Other myths include older workers' presumed lack of innovation (research shows no age differences in this domain) and reluctance to adapt (in fact, younger employees are actually more resistant to change, according to studies). On the younger side, Millennials are sometimes thought to be entitled and narcissistic, but in reality this generation embraces collective work and corporate social responsibility—which is precisely the opposite of self-entitlement, in my opinion.
Q. What are some of the biggest benefits of having an age-diverse workforce? And what are some of the main challenges?
A. The biggest benefit is the potential that members of all generations have to learn from one another. Older workers bring "soft skills" to the table that are severely undervalued in the workplace. These talents include loyalty to the company, emotional stability, wisdom and problem-solving. Younger workers have much to gain from this skill set, and a great deal to learn from those who have an "organizational memory," or understanding of why the company does things a certain way.
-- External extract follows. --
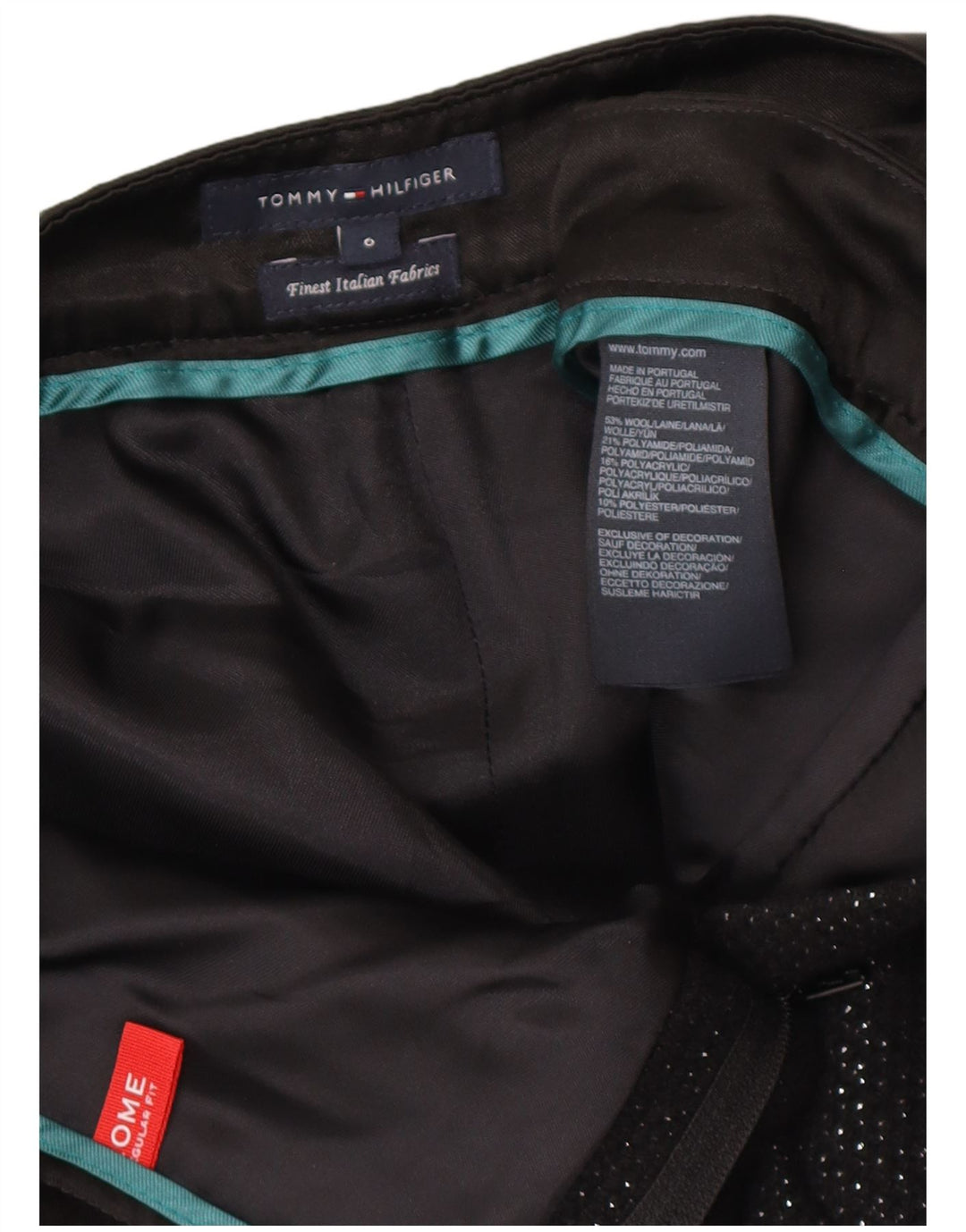 Pantaloni chino dritti da donna Tommy Hilfiger US 6 medi W28 L27 neri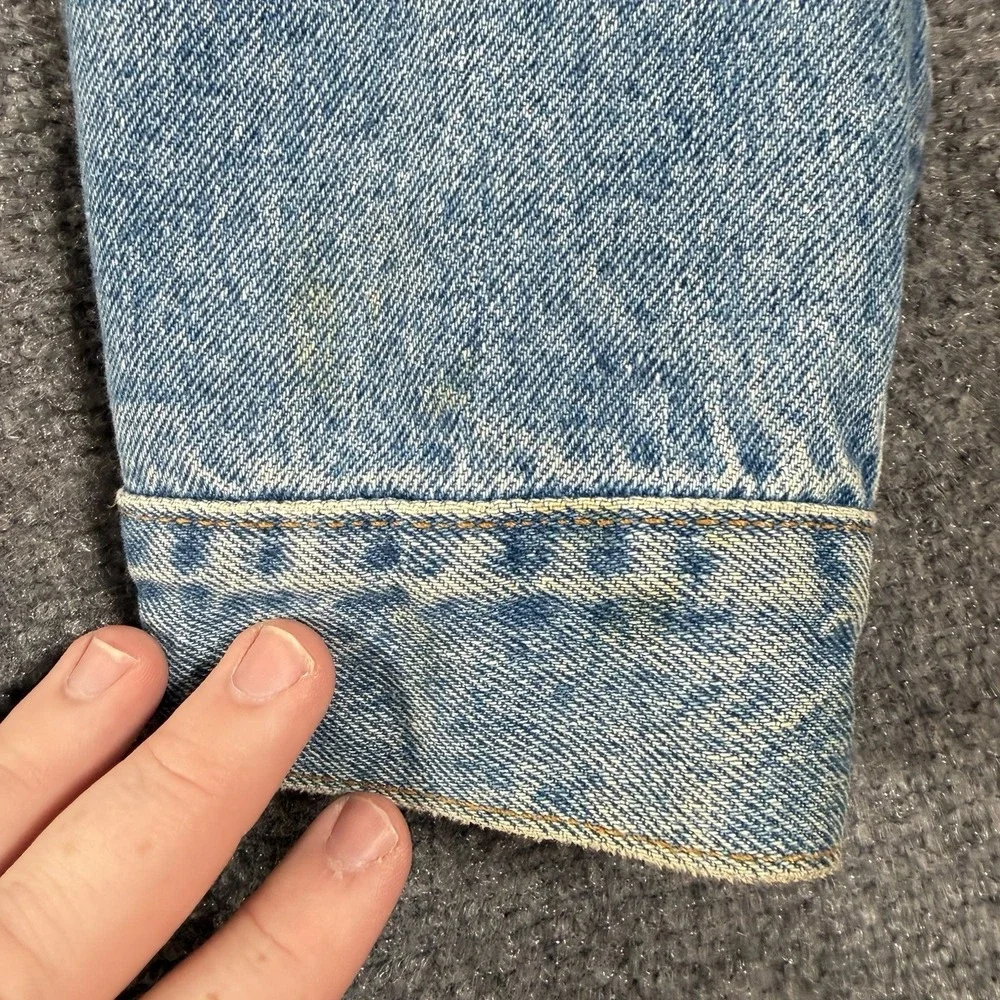 Vintage Levi's Orange Tab Jacket Mens 40 Regular Medium Blue Type 3 Denim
At the same time, older employees often admit that their junior colleagues have greater technical know-how, and they clearly stand to learn a lot from them. That said, we must be careful not to assume that older workers are incapable of mastering new technologies—another negative stereotype.
Q. What are some of the most annoying stereotypes about your own generation?
A. I'm an older Millennial, so for me it's the perception that my generation is coddled, entitled and ill-mannered. I teach younger Millennials and find that many of them genuinely want their career to serve the greater good and to make the world a better place.
Moreover, I'm not convinced that these perceptions are unique to Millennials; many of the same perceptions afflicted Generation X and even Baby Boomers when they were younger. In fact, people have complained about younger generations for thousands of years. Consider this quote attributed to Socrates from 400 BC: "The children now love luxury; they have bad manners, contempt for authority; they show disrespect for elders and love chatter in place of exercise. Children are now tyrants, not the servants of their households. They no longer rise when elders enter the room. They contradict their parents, chatter before company, gobble up dainties at the table, cross their legs, and tyrannize their teachers."
Q. What one piece of advice would you give you HR leaders about how to cultivate a healthy multigenerational work environment?
A. Recognize that generational labels are really broad, and there are enormous individual differences within these age brackets. Also consider the importance of getting members of various ages in the room with one another to speak openly about their differences. A manager at a Big 4 accounting firm once shared a story about Millennial employees who were disrupting others by playing Pokemon Go in a client parking lot. But instead of yelling at these workers or dismissing them as a lost cause, she invited them to take part in a thoughtful, open, multigenerational conversation. It helped clear up misunderstandings and get everyone on the same page.
Even though people of various ages might have different expectations vis-a-vis communication and work styles, this kind of exchange can go a long way to fostering understanding. At the end of the day, we're all human.